*WHAT TO WORK ON*: Give a verbatim copy of the lines below, minus the pictures.

== TASK INPUT ==

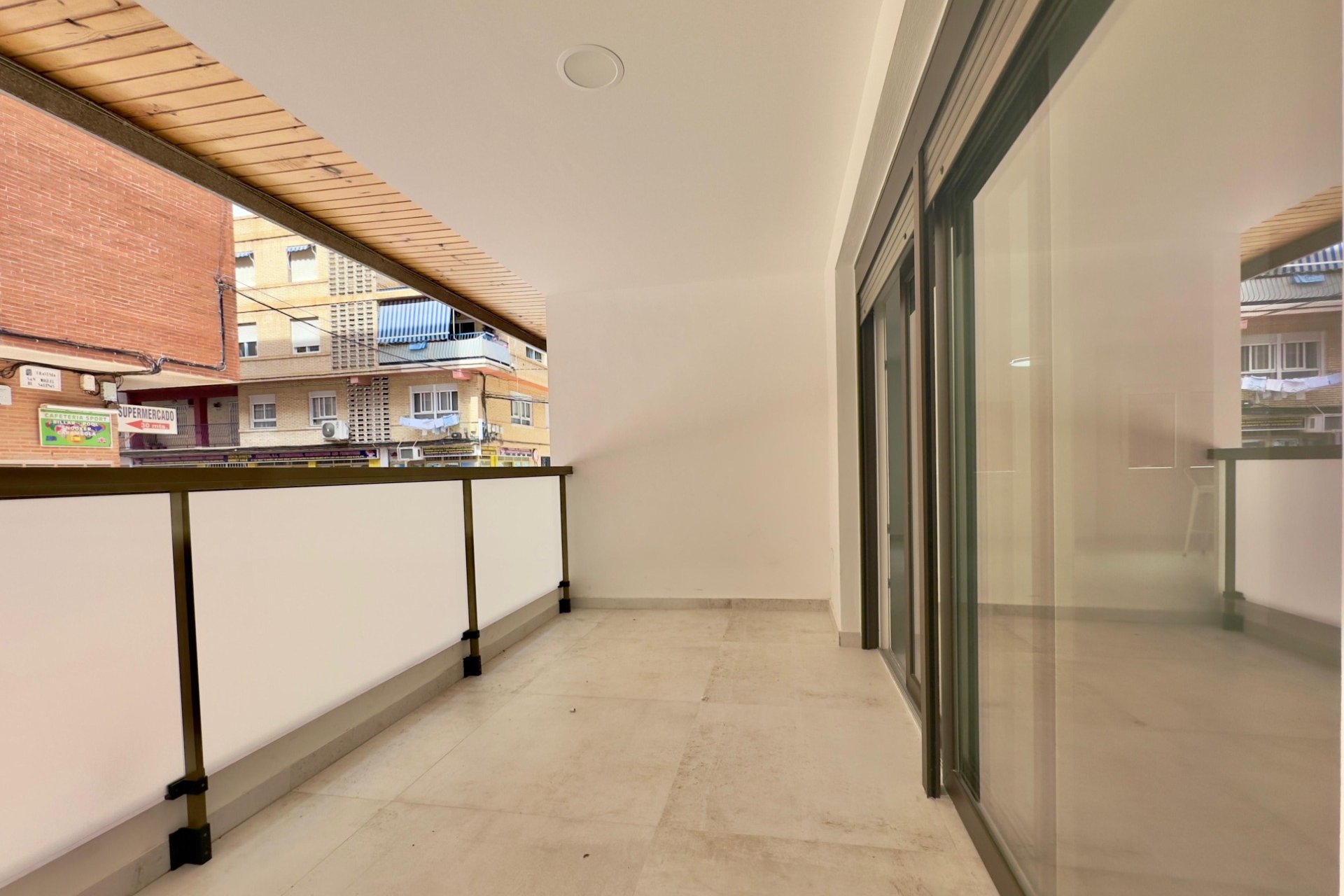 Återförsäljning - Lägenhet -
Torrevieja - Acequion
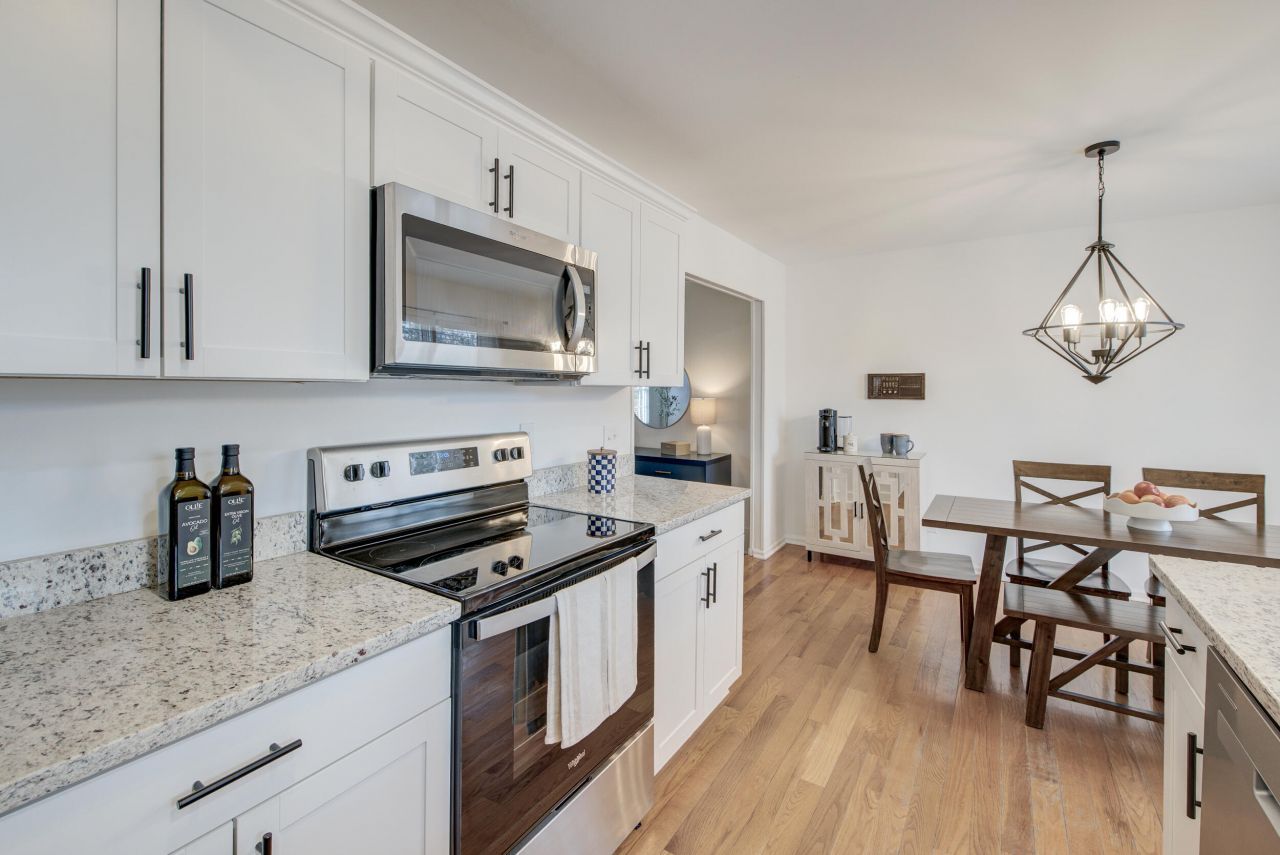 807 Eastern White Pines Road Photo 6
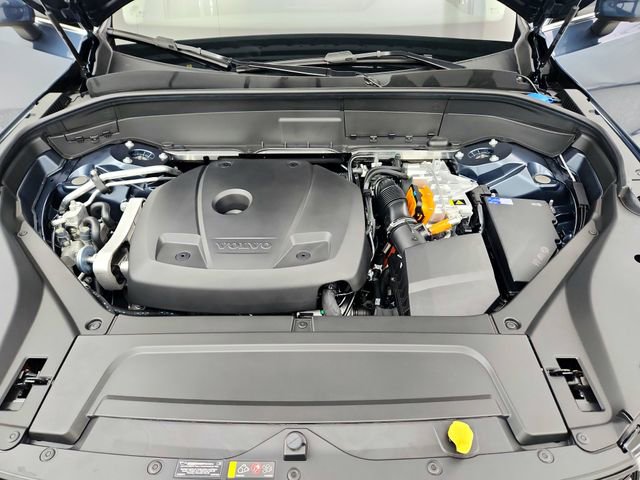 New 2026 Volvo XC90 T8 Plus w/ Protection Package Premier image 29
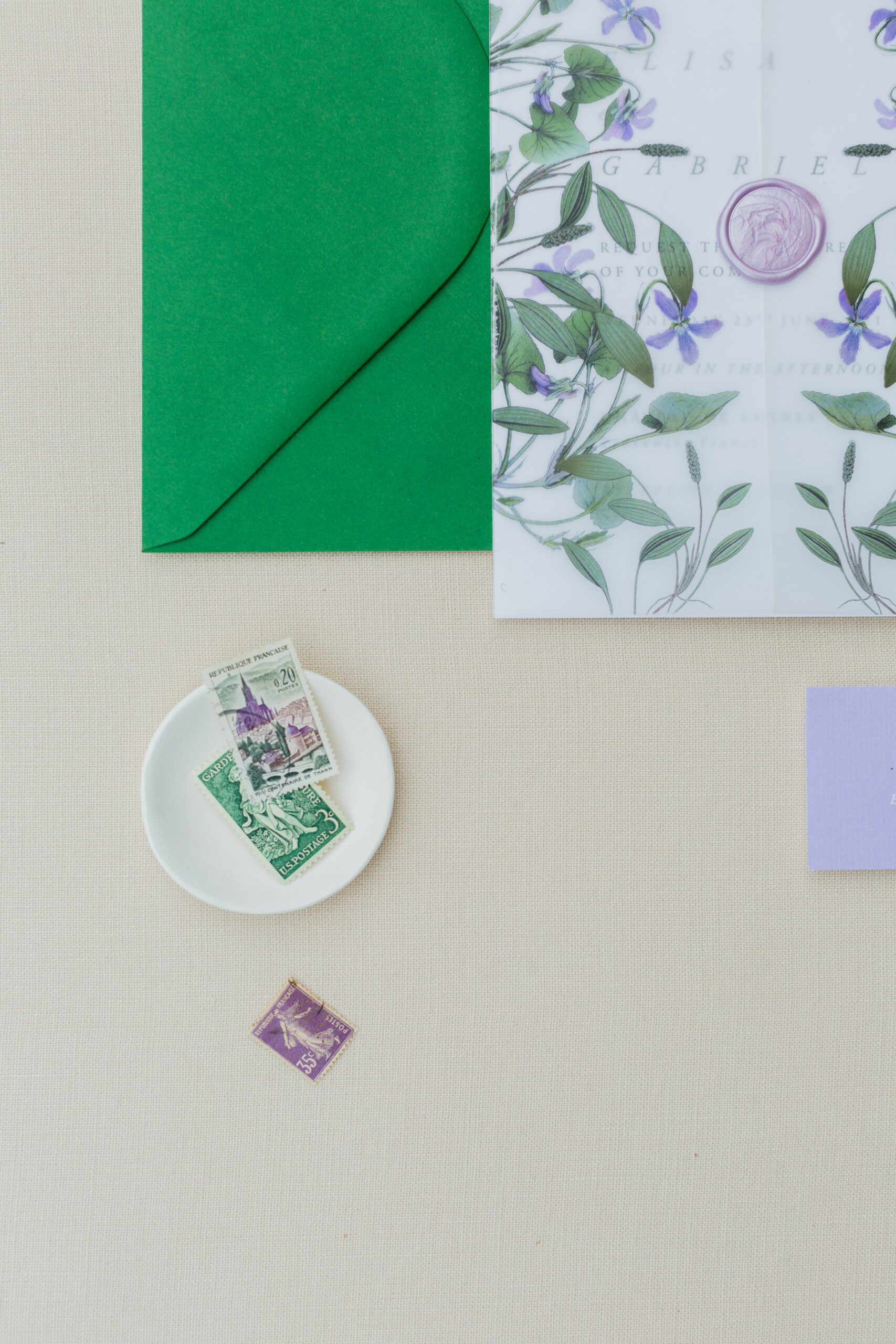 Wedding photography in the Luberon wild landscape, Provence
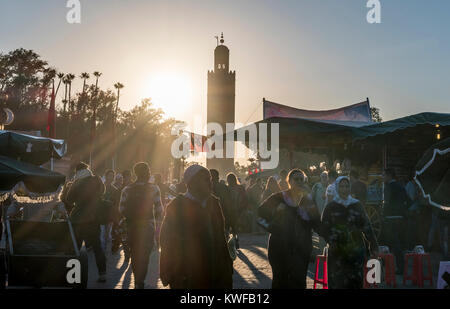 Street Scene mit Menschen und dramatischen Licht in Jemaa el Fna, dem Platz. Stockfoto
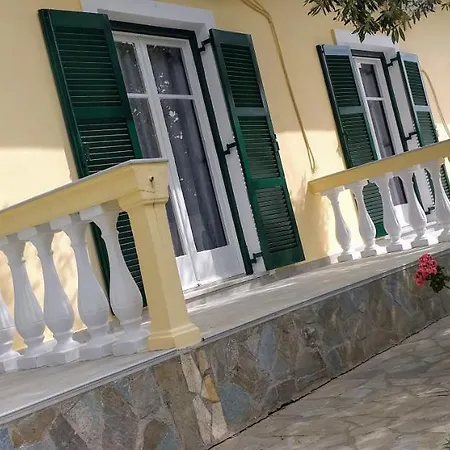 Kapetanios Luxury * Agios Georgios (Corfu)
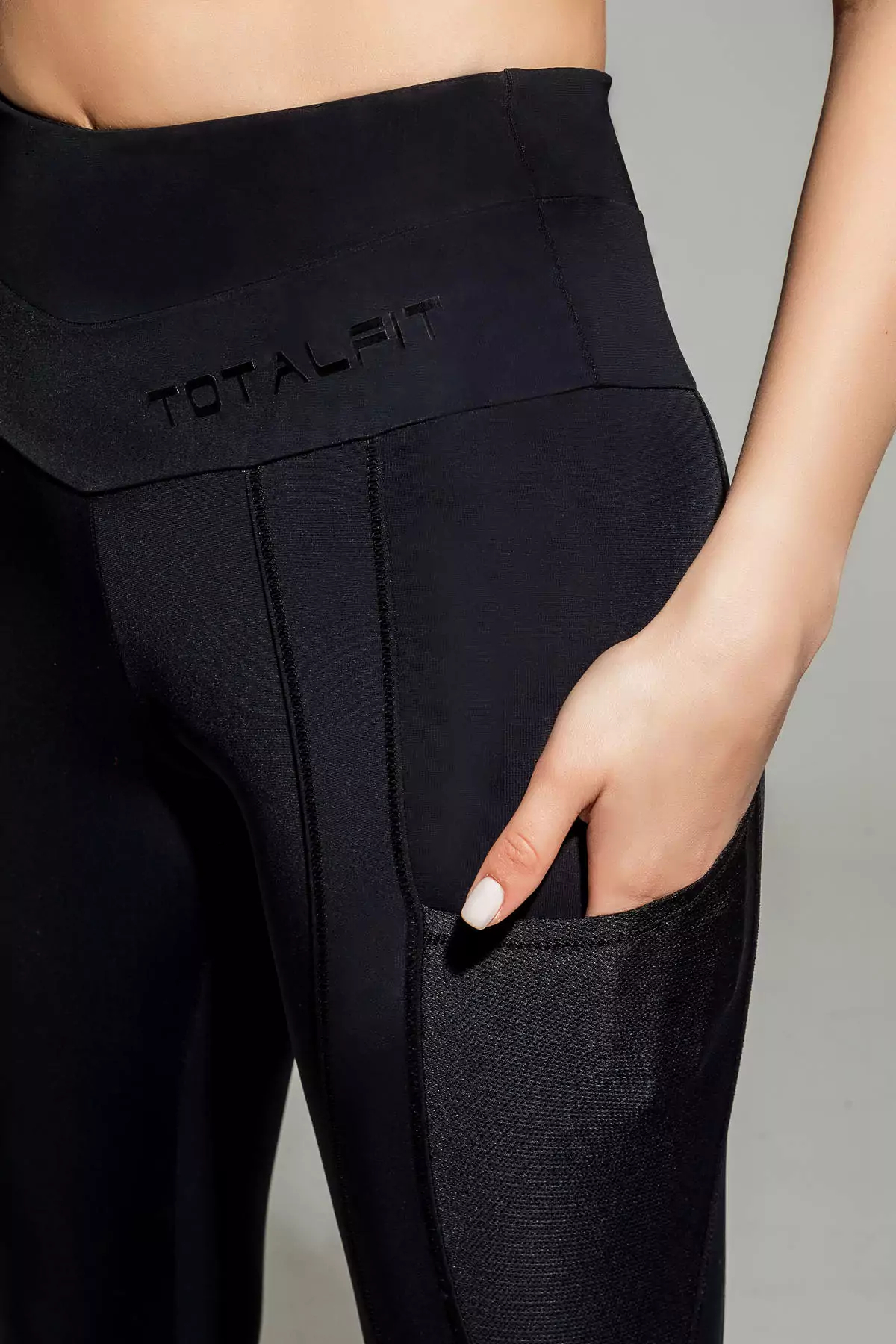 ФОТО КАРТИНКИ ЗОБРАЖЕННЯ Лосини з кишенею TOTALFIT SP311-C10-2XS 2XS РОЗДРІБ ОПТ ГУРТ ГУРТОМ ОПТОМ! З ЄВРОПИ! ЯКІСТЬ! Купити Львів Характеристики Ціна Оплата Доставка "БОГОДАР" ІНТЕРНЕТ-МАГАЗИН Огляд Рейтинг Порівняння Як вибрати Якісний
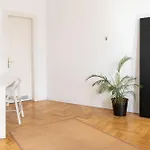 Krakow Apartments - Balcony, Workspace, Tram Stop - By Rentujemy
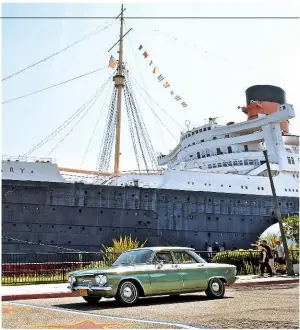  ??  ?? ABOVE A huge and luxurious boat… and the Queen Mary.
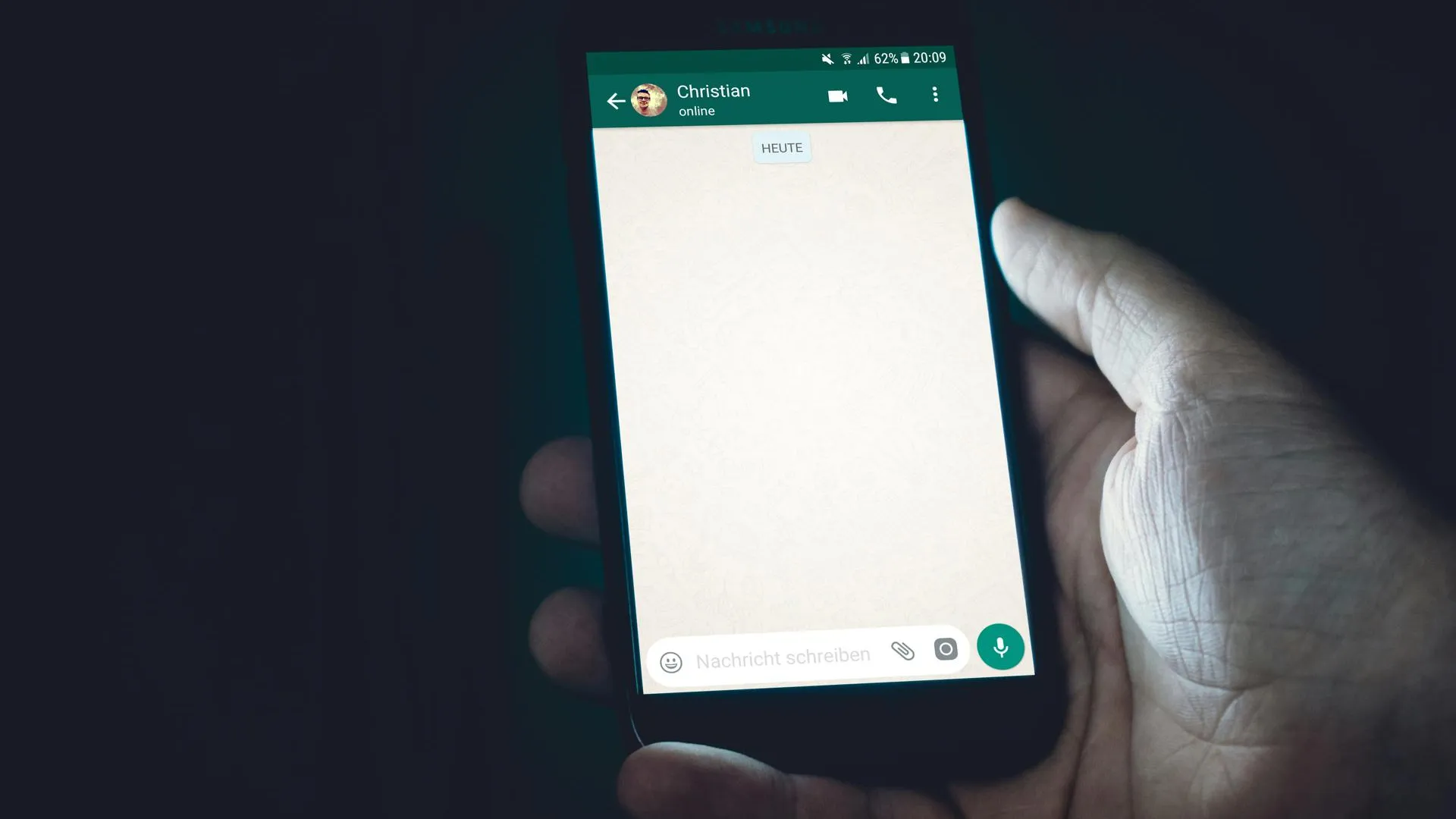 WhatsApp* сломался: пользователи в РФ жалуются на сбои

===

*ANSWER BELOW*:
 Återförsäljning - Lägenhet -
Torrevieja - Acequion
 807 Eastern White Pines Road Photo 6
 New 2026 Volvo XC90 T8 Plus w/ Protection Package Premier image 29
 Wedding photography in the Luberon wild landscape, Provence
 Street Scene mit Menschen und dramatischen Licht in Jemaa el Fna, dem Platz. Stockfoto
 Kapetanios Luxury * Agios Georgios (Corfu)
 ФОТО КАРТИНКИ ЗОБРАЖЕННЯ Лосини з кишенею TOTALFIT SP311-C10-2XS 2XS РОЗДРІБ ОПТ ГУРТ ГУРТОМ ОПТОМ! З ЄВРОПИ! ЯКІСТЬ! Купити Львів Характеристики Ціна Оплата Доставка "БОГОДАР" ІНТЕРНЕТ-МАГАЗИН Огляд Рейтинг Порівняння Як вибрати Якісний
 Krakow Apartments - Balcony, Workspace, Tram Stop - By Rentujemy
  ??  ?? ABOVE A huge and luxurious boat… and the Queen Mary.
 WhatsApp* сломался: пользователи в РФ жалуются на сбои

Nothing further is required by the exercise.